KPK Tangkap 2 Tersangka Baru Kasus Suap Bupati Muara Enim, Salah Satunya Ketua DPRD

Riezky Maulana ยท Senin, 27 April 2020 - 10:39 WIB
KPK Tangkap 2 Tersangka Baru Kasus Suap Bupati Muara Enim, Salah Satunya Ketua DPRD
Bupati Nonaktif Muara Enim Sumsel Ahmad Yani. (Foto: Antara)

JAKARTA, iNews.id - Penyidik Komisi Pemberantasan Korupsi (KPK) menangkap dua tersangka di Kota Palembang, Provinsi Sumatera Selatan (Sumsel), berkaitan dengan kasus suap Bupati Muara Enim nonaktif Ahmad Yani. Kedua tersangka yang ditangkap berinisial AHB dan RS.

Salah satu yang ditangkap AHB, merujuk kepada Ketua DPRD Muara Enim, Aries HB. Sementara RS adalah mantan kepala Dinas Pekerjaan Umum dan Penataan Ruang (PUPR) Pemkab Muara Enim Ramlan Suryadi.

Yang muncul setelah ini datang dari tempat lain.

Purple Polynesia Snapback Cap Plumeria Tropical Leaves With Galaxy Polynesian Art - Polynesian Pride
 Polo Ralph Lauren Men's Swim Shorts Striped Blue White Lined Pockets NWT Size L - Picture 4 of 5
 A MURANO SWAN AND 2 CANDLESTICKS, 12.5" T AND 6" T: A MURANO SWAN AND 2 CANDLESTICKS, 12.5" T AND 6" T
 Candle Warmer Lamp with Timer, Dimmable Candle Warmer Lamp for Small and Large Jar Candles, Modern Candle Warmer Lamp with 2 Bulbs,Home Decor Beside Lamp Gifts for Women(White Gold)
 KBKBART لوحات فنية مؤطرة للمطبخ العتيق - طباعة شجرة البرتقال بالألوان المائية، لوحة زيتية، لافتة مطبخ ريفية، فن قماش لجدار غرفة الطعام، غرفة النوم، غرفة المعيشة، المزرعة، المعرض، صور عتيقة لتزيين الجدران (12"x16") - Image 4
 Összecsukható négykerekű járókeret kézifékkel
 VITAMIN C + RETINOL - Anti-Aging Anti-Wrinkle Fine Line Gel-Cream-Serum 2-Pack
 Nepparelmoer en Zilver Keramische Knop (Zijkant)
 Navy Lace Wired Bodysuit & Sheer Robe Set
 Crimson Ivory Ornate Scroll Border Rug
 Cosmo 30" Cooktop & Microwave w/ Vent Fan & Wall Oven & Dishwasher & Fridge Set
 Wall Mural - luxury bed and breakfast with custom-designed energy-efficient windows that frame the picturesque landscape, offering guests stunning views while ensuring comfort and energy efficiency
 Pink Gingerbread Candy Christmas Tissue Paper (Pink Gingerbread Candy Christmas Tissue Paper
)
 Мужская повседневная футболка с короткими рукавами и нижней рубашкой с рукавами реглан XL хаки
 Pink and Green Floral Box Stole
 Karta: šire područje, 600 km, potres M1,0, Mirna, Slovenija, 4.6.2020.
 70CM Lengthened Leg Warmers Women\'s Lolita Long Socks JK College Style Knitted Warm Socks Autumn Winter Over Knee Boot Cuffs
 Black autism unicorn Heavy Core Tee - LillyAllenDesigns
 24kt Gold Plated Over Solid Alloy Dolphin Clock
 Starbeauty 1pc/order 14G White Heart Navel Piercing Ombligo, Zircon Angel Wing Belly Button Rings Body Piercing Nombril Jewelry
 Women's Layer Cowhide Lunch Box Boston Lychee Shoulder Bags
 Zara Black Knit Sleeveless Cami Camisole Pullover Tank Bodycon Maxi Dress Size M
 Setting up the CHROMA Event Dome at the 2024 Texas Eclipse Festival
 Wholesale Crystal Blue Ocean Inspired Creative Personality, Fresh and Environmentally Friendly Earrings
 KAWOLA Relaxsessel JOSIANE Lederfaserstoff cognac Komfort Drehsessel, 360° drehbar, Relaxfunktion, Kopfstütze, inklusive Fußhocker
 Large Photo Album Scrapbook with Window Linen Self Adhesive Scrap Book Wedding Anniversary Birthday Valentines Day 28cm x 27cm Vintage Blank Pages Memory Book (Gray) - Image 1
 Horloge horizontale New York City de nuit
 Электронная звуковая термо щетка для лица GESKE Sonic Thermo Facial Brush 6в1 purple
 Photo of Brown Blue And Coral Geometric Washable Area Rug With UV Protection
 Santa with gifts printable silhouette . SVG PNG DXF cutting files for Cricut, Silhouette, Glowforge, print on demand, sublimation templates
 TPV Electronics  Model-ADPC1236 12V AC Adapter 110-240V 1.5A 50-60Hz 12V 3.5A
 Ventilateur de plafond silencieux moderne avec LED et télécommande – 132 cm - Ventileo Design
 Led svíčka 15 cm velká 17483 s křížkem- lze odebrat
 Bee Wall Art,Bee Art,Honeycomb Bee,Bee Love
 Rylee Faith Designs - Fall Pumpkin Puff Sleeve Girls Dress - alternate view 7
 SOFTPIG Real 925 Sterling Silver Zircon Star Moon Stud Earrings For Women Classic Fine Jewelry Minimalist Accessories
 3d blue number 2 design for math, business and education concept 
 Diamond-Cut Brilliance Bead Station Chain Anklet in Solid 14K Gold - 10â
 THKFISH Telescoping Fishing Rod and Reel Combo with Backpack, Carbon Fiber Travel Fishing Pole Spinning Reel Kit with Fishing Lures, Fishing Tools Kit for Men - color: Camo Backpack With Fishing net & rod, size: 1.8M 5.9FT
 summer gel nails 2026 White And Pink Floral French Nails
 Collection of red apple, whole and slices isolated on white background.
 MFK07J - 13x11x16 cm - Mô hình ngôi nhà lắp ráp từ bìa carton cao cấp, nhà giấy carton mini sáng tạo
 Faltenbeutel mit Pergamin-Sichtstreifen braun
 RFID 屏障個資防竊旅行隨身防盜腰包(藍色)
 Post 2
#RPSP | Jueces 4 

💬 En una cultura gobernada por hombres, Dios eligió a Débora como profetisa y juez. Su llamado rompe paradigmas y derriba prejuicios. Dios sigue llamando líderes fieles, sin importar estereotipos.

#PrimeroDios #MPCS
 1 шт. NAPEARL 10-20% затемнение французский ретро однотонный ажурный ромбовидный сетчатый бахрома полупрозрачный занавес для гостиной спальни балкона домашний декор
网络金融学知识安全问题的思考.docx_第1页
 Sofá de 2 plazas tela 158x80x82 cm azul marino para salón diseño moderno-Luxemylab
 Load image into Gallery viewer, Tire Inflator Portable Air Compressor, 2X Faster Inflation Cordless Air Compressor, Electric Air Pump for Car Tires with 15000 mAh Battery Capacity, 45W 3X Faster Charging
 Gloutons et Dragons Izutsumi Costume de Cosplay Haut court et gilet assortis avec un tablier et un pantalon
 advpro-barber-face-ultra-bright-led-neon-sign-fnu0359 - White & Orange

"Penangkapan dua tersangka hasil pengembangan penyidikan kasus korupsi Kabupaten Muara Enim atas nama tersangka RS dan tersangka AHB," kata Ketua KPK Firli Bahuri kepada wartawan, Minggu (26/4/2020).

Diketahui, Bupati Muara Enim nonaktif Ahmad Yani dijerat dengan kasus suap 16 paket proyek jalan dan jembatan pada tahun 2019 silam.

Firli menuturkan, kedua tersangka ditangkap di lokasi yang sama yaitu, Palembang. Yang membedakan hanya jam penangkapannya saja. Satu tersangka ditangkap pada pukul 07.00 WIB dan satu tersangka lainnya pukul 08.30 WIB.

"Tadi pagi minggu tanggal 26 April 2020 jam 07.00 dan 08.30, di rumah tersangka di Palembang," ujarnya.

Firli memastikan, KPK tetap bekerja di tengan wabah virus corona (Covid-19). KPK berkomitmen memberantas korupsi sampai tuntas.

"Kita terus selesaikan perkara-perkara korupsi walau kita menghadapi bahaya Covid-19. Tetapi pemberantasan tidak boleh berhenti baik dengan cara pencegahan maupun penindakan," katanya.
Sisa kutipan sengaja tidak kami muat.